By Jeff Gallatin
City Council gave final approval to the 2013 budget Monday a few days before the filing deadline, but officials noted it’s likely not the last time the city will have to consider issues with it.
“A budget is living, changeable document through the year,” Mayor Debbie Sutherland said prior to the meeting. “It rarely stays as you perceive it when you first approve it, and this year it’s likely we will see some changes in the course of the year. This year, it started with a large (more than $500,000) projected revenue shortfall and we had to make some tough choices as a city, but we’re coming through it.”
Sutherland again noted the decrease in state funding to the city coming via the elimination of the estate tax, the reduction in the local government fund and reduced revenues in other areas. In addition, Sutherland and other area government officials have been keeping a close eye on proposals in the state legislature to streamline the income tax collection system for businesses. Sutherland and the others have been expressing major concern about the state possibly taking over more control of the income tax collection in lieu of RITA (Regional Income Tax Agency, the regional tax collection entity that collects income taxes for Bay Village and other northern Ohio cities), and Ohio cities losing even more revenue as a result.
“That’s not a hit we can afford to take,” Sutherland said. “Losing more revenue as a result of more state changes would hit jobs and services not only in our city, but many others.”
By law, the city had to file a balanced budget with the state by the end of March, which is Sunday. As has been the case the last few years, both Sutherland and council said the choices they’ve had to make are not easy on how to make anticipated revenues and expenditures for the city balance out. This year, the city privatized the city building department and approved having Colorado-based SAFEbuilt take over those duties for the city, effective May 1. City administration projections are that the change will save several hundred thousand dollars for the city.
With a general fund budget of $10.76 million for 2013, Sutherland said the savings will make a difference.
“We likely will have to make other changes through the year as we deal with different situations,” she said.
In addition to the privatization, council Monday approved legislation altering the allocation of income tax receipts used for equipment replacement and related expenses in the 2013 budget. Normally, council would spend anywhere from 2 to 4 percent of the income tax receipts in that area.
However, Mike Young, chairman of city council’s Finance Committee, said this is a good year for the city to reallocate those funds to help cover the projected revenue shortfall and cover other areas of the general fund.

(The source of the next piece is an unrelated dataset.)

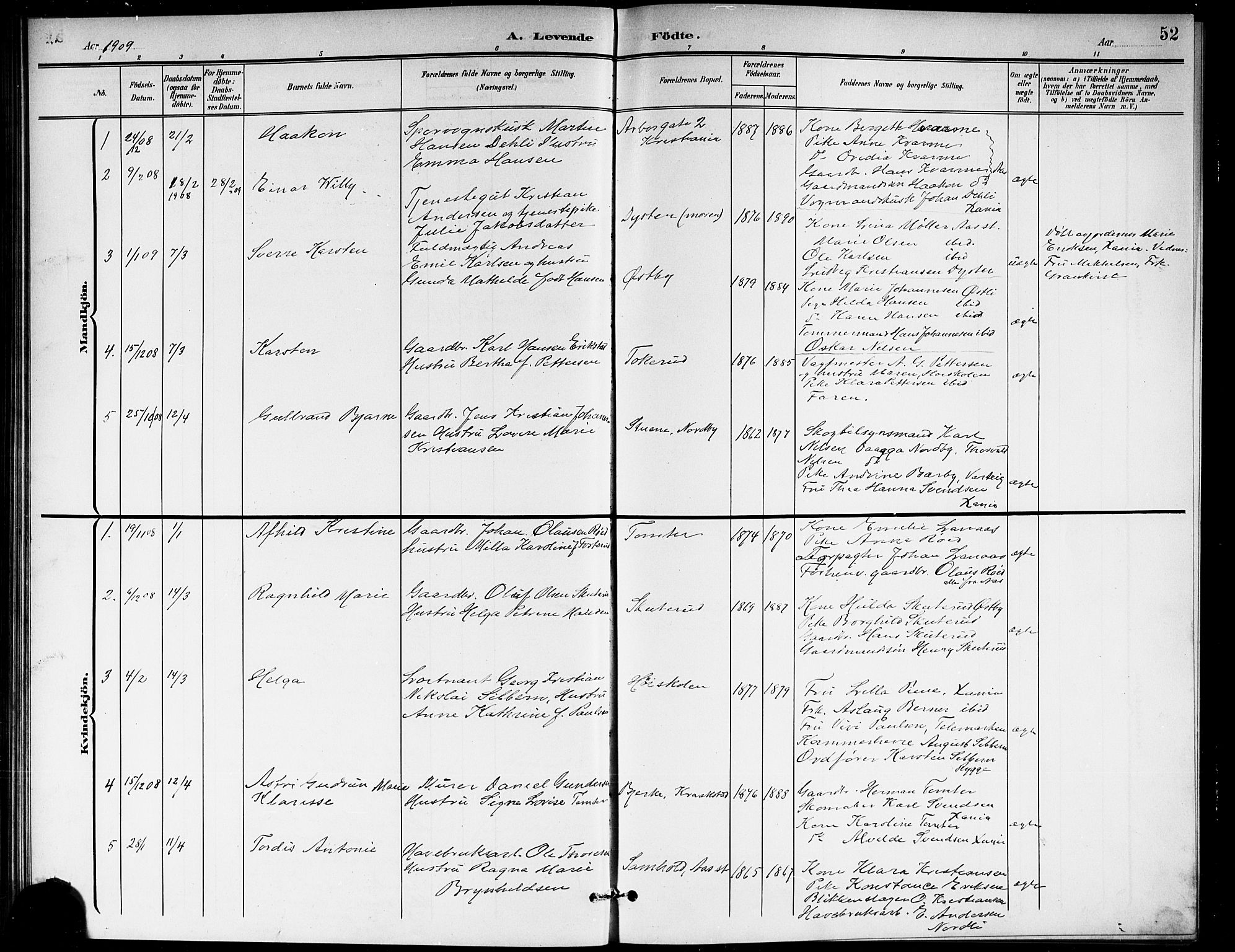 Ås prestekontor Kirkebøker, AV/SAO-A-10894/G/Ga/L0004: Klokkerbok nr. I 4, 1901-1915, s. 52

“We don’t have a lot of major equipment needs and other projects in the budget which need to be dealt with right away,” he said. “A lot of them are expected to start later in the year or even towards the start of 2014, which means the bonds and bills for them as well as other expenditures don’t have to go in this year’s budget.”
Young said he prefers keeping the amount of funds allocated for the equipment replacement and related expenses flexible each year, depending on the city’s needs.
“This year it works out that we can use less of it in that area,” he said. “We still will have some major street and sewer projects, which will be taken care of.”
He said officials also managed to keep the general reserve fund at $980,000 this year and did not have to raise any of the municipal service fees.
“We’ll be able to get an earlier start again next year,” he said. “Our new finance director (Renee Mahoney) hit the ground running this year and will be even more knowledgeable about the city for next year’s budget.”